Вам когда-нибудь преподавали отечественную историю (допетровского периода) в высшей школе? Если да, то вы должны помнить эту особенную глумливую, ёрническую интонацию преподавателей. Не знаю, из чего берется эта интонация - пакостная и меленькая, - но содержит она в себе одно полезное – нотки какой-то особенной отстранённости. Саморазоблачающийся и стремительно превращающийся в дремучую архаику постмодерн оставил после себя кучи мусора, завалы обломков Большой культуры, из которых возможно пересобрать настоящее и действительно новое. Когда б вы знали из какого сора…
Мне кажется, сочувствующая отстранённость, заинтересованная дистанцированность и автора романа "Лавр" Водолазкина, и режиссёра-постановщика волшебного спектакля во МХАТе Эдуарда Боякова берётся из неряшливого сора культурного разрушения, царившего и у нас, и не у нас в последние десятилетия. Особенно Боякову удалось очень чётко, осознанно артикулировать и, что более важно, показать «собирание камней» после короткого, грязненького, конечного ада и даже адика самооскопления, поселившегося в высокой культуре …Как-то по-особенному в спектакле удалось глумливую интонацию обезвредить, превратив спектакль в большой комментарий к прямо сейчас случающемуся фильму. И даже то, что герой спектакля повторяет очень киношную кэмпбелловскую траекторию, оказывается очень органичным.
Спектакль показал способность к негрязному, нестыдному «низу», что мне представляется крайне важным. У нашей текущей столичной культуры, которая постоянно норовит остаться лишь фактом этнографии московского мещанства в его постсоветской ипостаси, как-то по-особенному не удаётся «низ». Все резвящиеся на ниве «срыва покровов» напоминают оказавшихся в пионерлагере примерных ботанов, которым вдруг, вдалеке от родителей, стало можно пить, курить и материться. Всё это настоящее непотребство к некой культурной работе не имеет никакого отношения. В "Лавре" же мы увидели и услышали очень важную, пока ещё требующую дальнейшей разработки, распевки интонацию. А всё в искусстве начинается с интонации.
Я пропустил премьеру "Лавра" и увидел его только в октябре, когда Эдуард Бояков ещё был худруком МХАТа. Опытные театралы говорят, что к тому времени спектакль уже разогнался, уже стал полнокровным, задышал. Я увидел "Лавр" периода расцвета.
Совершенно не согласен с теми, кто сводит весь удивительный эффект спектакля к музыкальной составляющей.

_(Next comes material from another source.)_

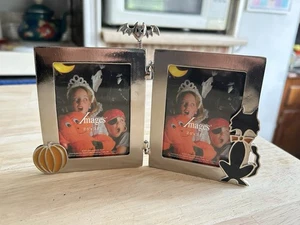 Vintage Halloween Bilderrahmen von Kohls 2,5x3,5 cm selten gut gemacht schwer - Bild 1 von 7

Мне кажется, что несомненный шедевр – музыка из спектакля – лишь важная, но часть партитуры безусловного и дословного, которая в спектакле крайне значима. Вообще в "Лавре" имеет место переплетение двух сценических партитур – партитуры театральной условности и реальной дословности, в которой значимы и настоящая и мокрая вода, и настоящая, похожая на волка, собака и прочее.
Невероятной находкой является сценическое решение спектакля. У постоянно вращающейся конструкции работают обе стороны и даже торцовая часть, которая являет поздне-советский панельный многоквартирный дом. Такое сценическое решение уравнивает разные миры. И оказывается, что даже на обычную окраинную брежневку может падать отблеск настоящей святости.
В спектакле есть этот потрясающий, дословный романный киноязык. Актёры не столько действуют, сколько пересказывают, обращают в нарратив свое то догоняющее, то отстающее действие и действование. Бояков нашёл идеальный формальный инструментарий, который филигранно подогнан, точно откалиброван для современных зрителей, жителей двух наложившихся друг друга эпох: эпохи постмодернизма, населённого ломкими, не очень думающими, а скорее присоединяющимися, треснутыми, зацикленными на стилистике, страшащимися впасть в пафос и пошлость людьми; эпохи нео-нео-позитивизма, с её новой героикой и новой архаикой, новой верой в сциентизм, новым изданием «земли и крови». Режиссёр занял какое-то почти идеальное место в пространстве, усилив формальную машинерию особенной интонацией.
Совершенно не портит спектакль медиа-персона Леонида Якубовича, который очень деликатно и дисциплинированно играет на одной ноте. Дмитрий Певцов демонстрирует способность к сценической пластике почти совершенную. В его инкарнации главного героя роль решается пластически. Он являет почти хореографию святости и жертвенности.
Вообще в спектакле намечено столь многое, проманифестировано столь значимое, что не может не вызывать отчаяние то, что опыт строительства национального театра во МХАТе прервался. На пока ещё идущий там "Лавр" обязательно нужно сходить, чтобы увидеть возможность нового, умного, чувственного, пробуждающего воображение русского театра.